It is in this context that the comedy-drama Ted Lasso (2020-present) first premiered. The roots of the series have always been commercial in nature. Originally, the character of Ted (Jason Sudeikis) was developed as a part of a 2013 NBC campaign to promote the EPL to North American audiences (Kassing, 2022). After the viral success of the campaign the character was then reset for the purposes of a fully-fledged TV-comedy. In the Apple TV+ original, Ted Lasso is an American Football coach who is hired by a wealthy divorcee to coach the fictitious EPL team, AFC Richmond. Ted Lasso is arguably Apple TV+’s most successful program to date—at the time of writing, it has received 61 Emmy nominations and 11 Emmy wins. The show has been involved in highly successful commercial collaborations with the FIFA World Cup and the FIFA video game series. Moreover, it has been subsumed into Apple’s broader marketing efforts—for example, Apple CEO Tim Cook often live tweets episodes of the show, and cast member Nick Mohammad has appeared in Apple’s ‘Privacy on iPhone’ campaign.

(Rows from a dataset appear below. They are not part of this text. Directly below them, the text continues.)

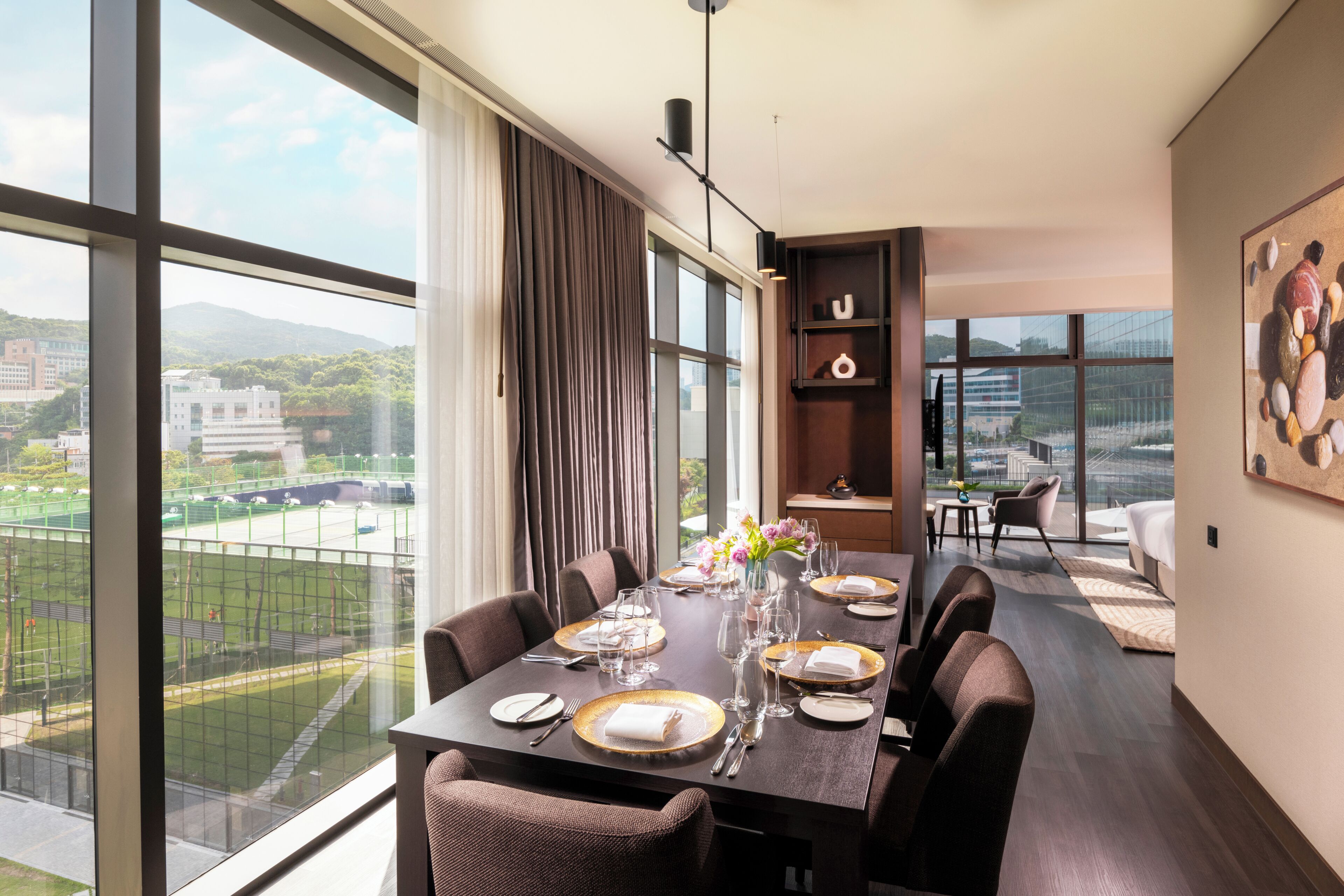 A modern dining area with a large table set for six, large windows, and a view of a cityscape.
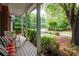 Inviting covered front porch with rocking chairs, providing a relaxing outdoor space with views of the landscaped yard at 206 Kingsley Way, Woodstock, GA 30188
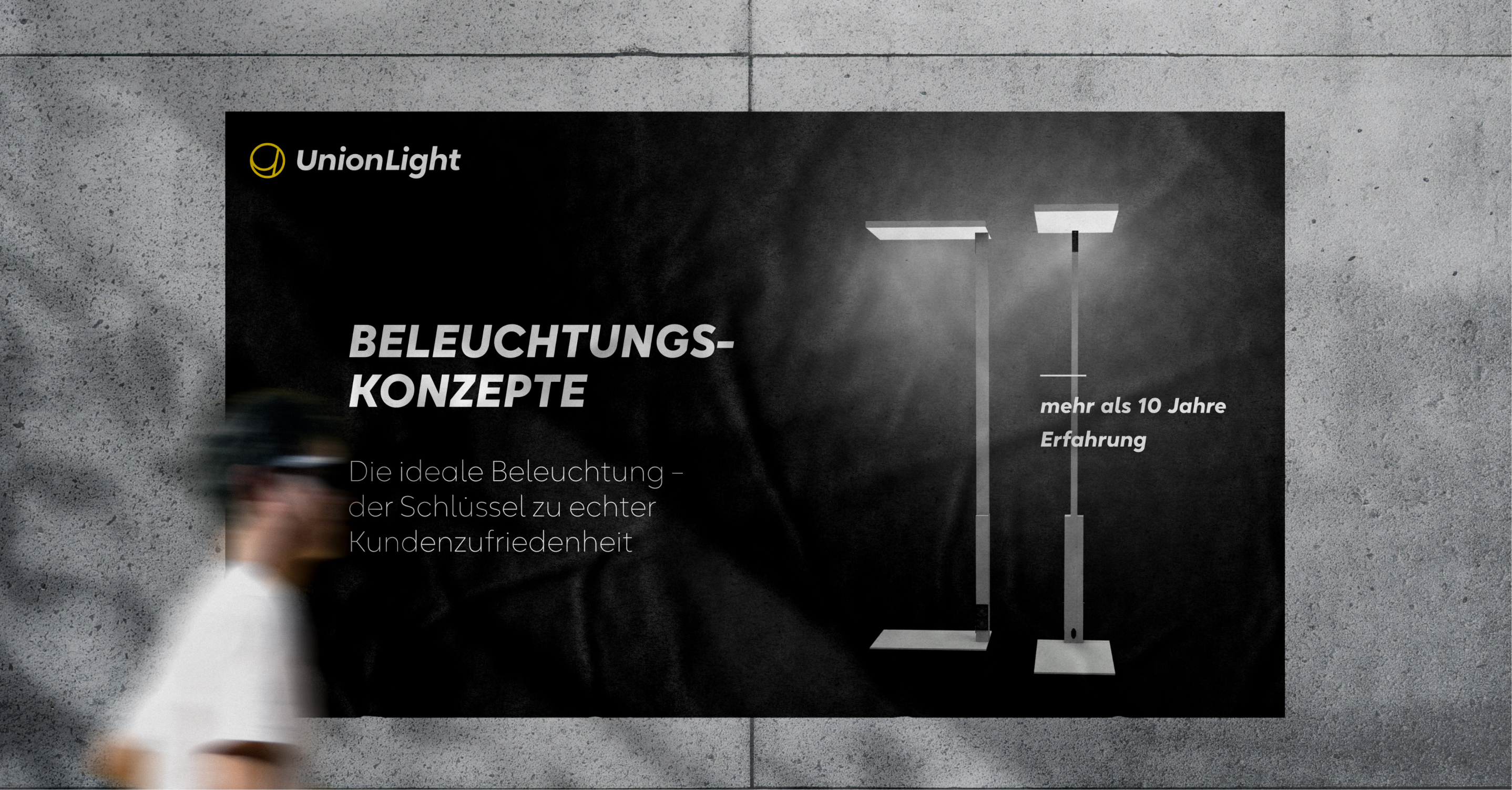 Person läuft an Unionlight Plakat vorbei. Plakat zeigt 2 Lampen. Es geht um Beleuchtungskonzepte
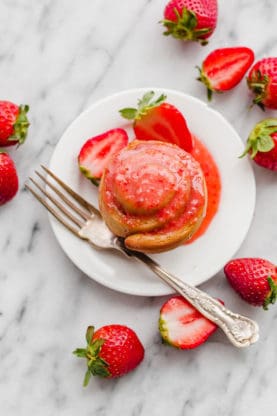 Overhead shot of one Strawberry Butter Rose Bun served on a white plate with a fork and topped with strawberry glaze surrounded by fresh strawberries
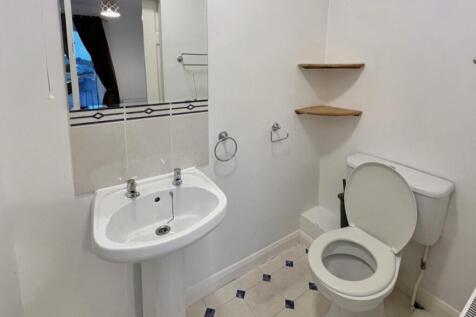 A clean and tidy bathroom featuring modern fixt...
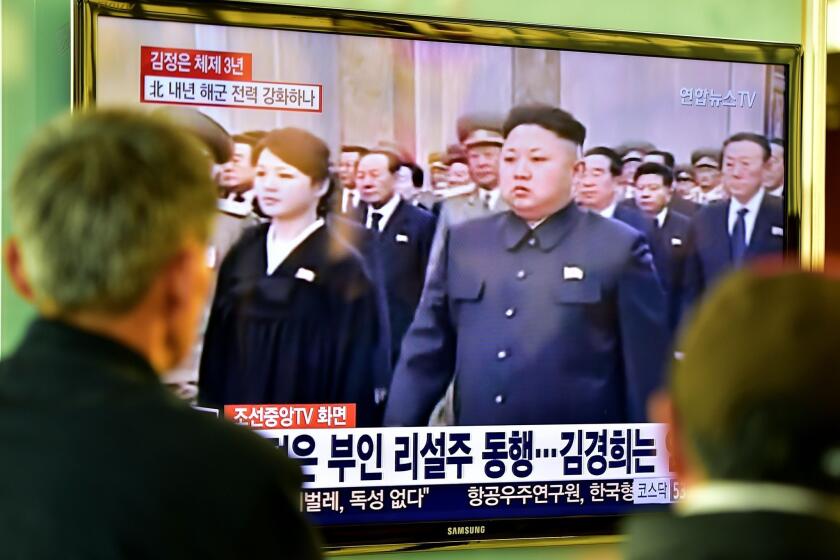 People at a railway station in Seoul watch TV images of North Korean leader Kim Jong Un attending a Dec. 17 ceremony marking the third anniversary of late leader Kim Jong Il's death.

Perhaps most intriguing, though, is the pop-cultural discourse surrounding the show. The show’s emphasis on ‘kindness’ and exploration of so-called ‘positive masculinities’ in the space of professional football is widely discussed and praised by critics and fans alike. Its ethos of examining men’s mental health issues through a non-judgmental lens has also made political waves. In 2023, cast members were invited to speak at a White House press briefing and held a meeting with President Biden to discuss mental health awareness (White, 2023). It is this framing of the show that inspired this research. Do the ‘positive masculinities’ of Ted Lasso extend to reckon with the institutionalized homophobia of pro-sports? Built from a textual analysis of the series, this article argues that, no, it does not. Rather, Ted Lasso’s commercial integration into the Apple brand stifles any serious exploration of masculinity or LGBTQIA+ themes. Ultimately, Ted Lasso simply replicates corporate rainbow-washing techniques and does not offer any serious challenge to institutionalized homophobia in professional football. This article contends that the show’s commitment to building positive masculinities through the denial of the realities of EPL football amounts instead to a toxic positivity.

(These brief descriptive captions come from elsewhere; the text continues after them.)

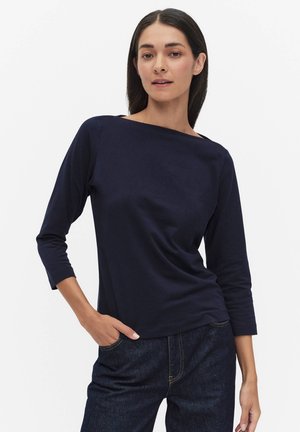 Kvinde iført en mørkeblå langærmet top og mørke jeans, poserer med den ene hånd i lommen foran en ensfarvet hvid baggrund.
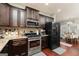 Well-lit kitchen with stainless steel appliances, granite countertops, and dark wood cabinets at 2256 Long Bow Chase Nw, Kennesaw, GA 30144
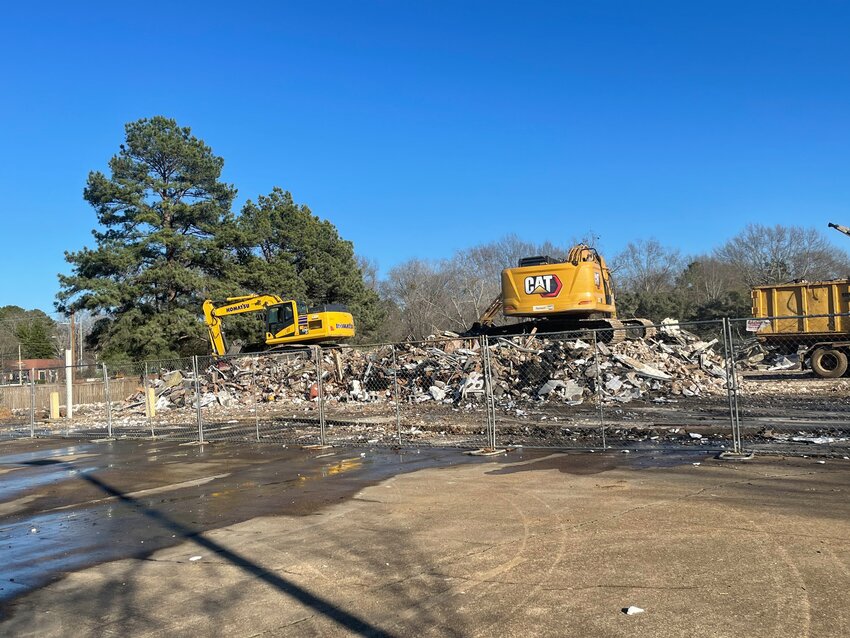 Crews tear down the former Ridgeland City Hall building located on U.S. Highway 51 weeks after a contractor accidentally tore down a section.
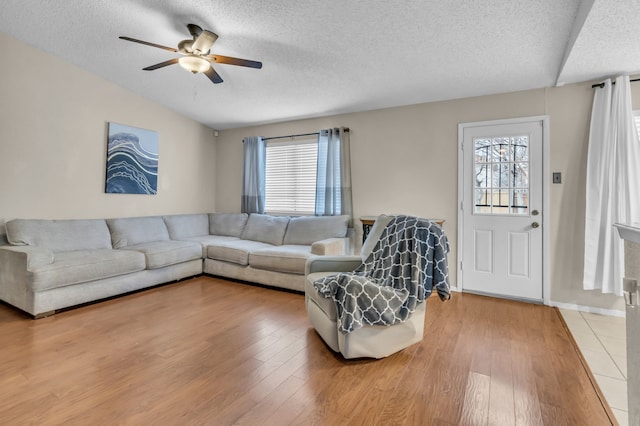 living room with hardwood / wood-style floors, plenty of natural light, a textured ceiling, and ceiling fan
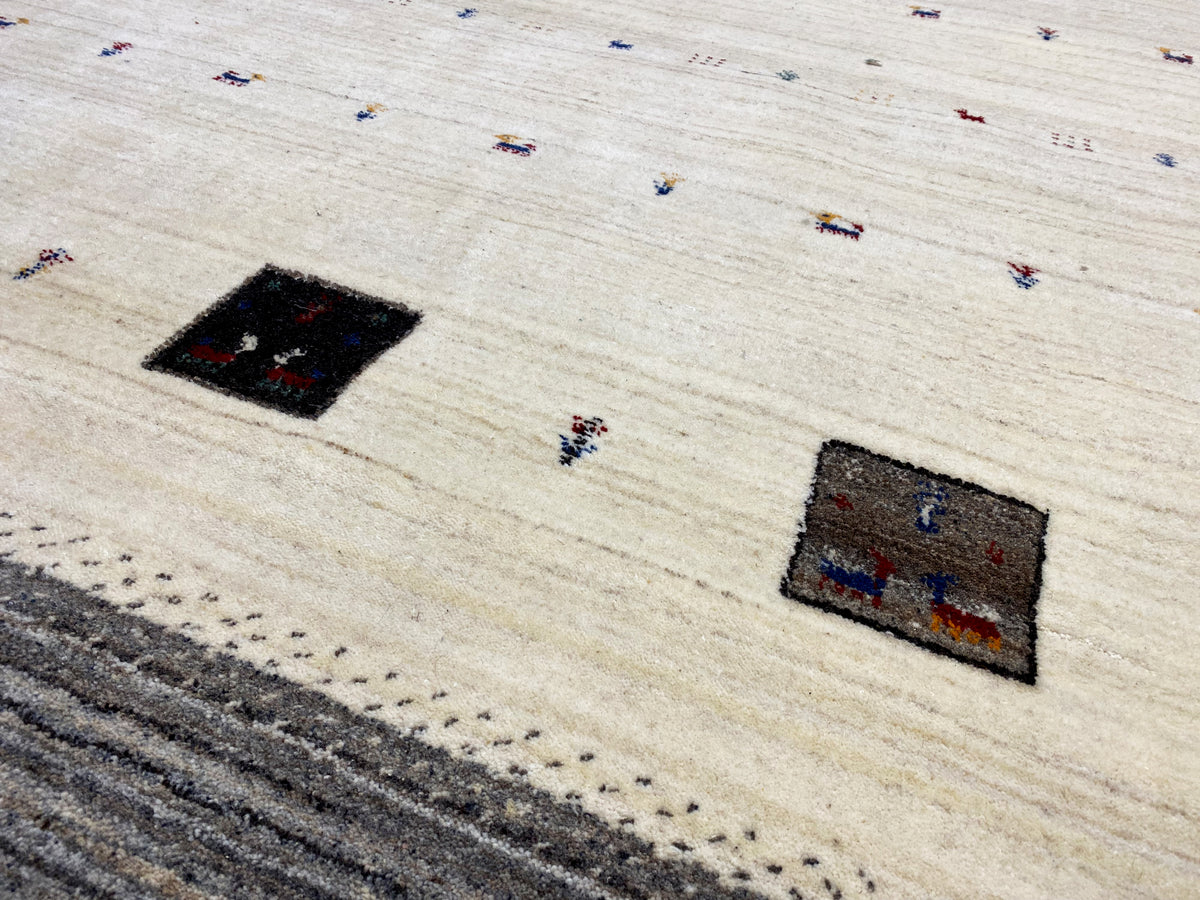 Teppichdetail: rechteckige schwarze Felder und farbige Punkte auf beigem Grund
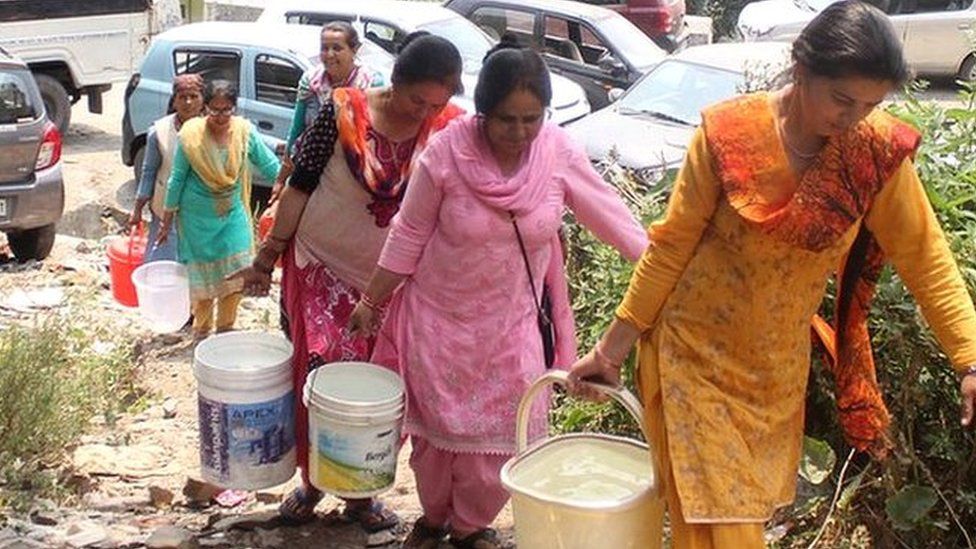 Women carrying buckets of water in Shimla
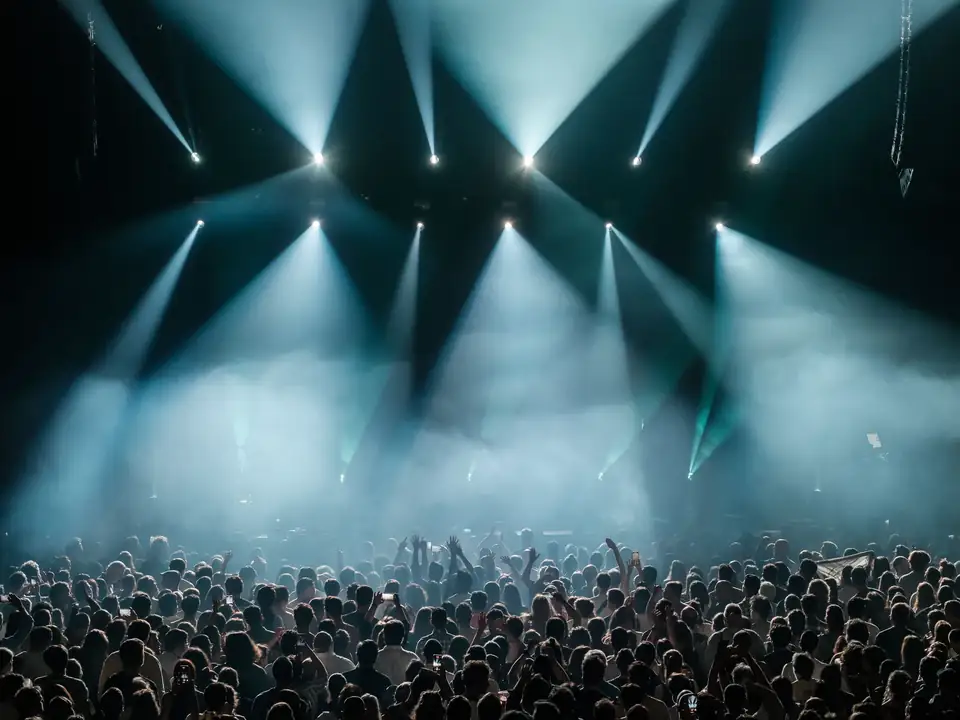 Live event under dramatic stage lighting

Ted Lasso: A philosophy of kindness?
In 2021, The New York Times published an article that identified the distinct shift in the tone of popular TV comedies. Poniewozik (2021) argued that ‘in broad terms’ the last 20 years of TV have seen a ‘shift from irony to sincerity.’ The ‘cutting-edge’ comedy of the 2000s (think Curb Your Enthusiasm (2000-present), Office (UK) (2001-03), Peep Show (2003-15) or Veep (2012-19)) would often feature obnoxious and oblivious protagonists. The audience was not meant to identify with them, rather we were to laugh (or cringe) at their expense. As Poniewozik puts it, these shows made their case ‘ironically and negatively’ (2021). This contrasts with the type of TV comedy that has emerged more recently. Contemporary TV comedy is typically much more direct—they are ‘big-hearted’ and have main characters you are meant to identify with. This is perhaps best exemplified by shows like Schitt’s Creek (2015-20), Pen15 (2019-21) and Loot (2022-present); while characters in these shows have broadly comedic and anti-social behaviours, they tend to be sublimated in service of heart-warming narrative conclusions. Tanya Horeck argues that these programs can be termed as ‘kind TV’—they appeal for not only their ‘gentle, easy viewing qualities but also, I would argue, for their strong vision of care’ (Horeck, 2021: 35). Ted Lasso is often understood as the ultimate exemplar of ‘Kind TV’ and as Poniewozik puts it, Ted Lasso might be ‘the essential face of comedy today’—an evaluation substantiated by its impressive Emmy sweeps.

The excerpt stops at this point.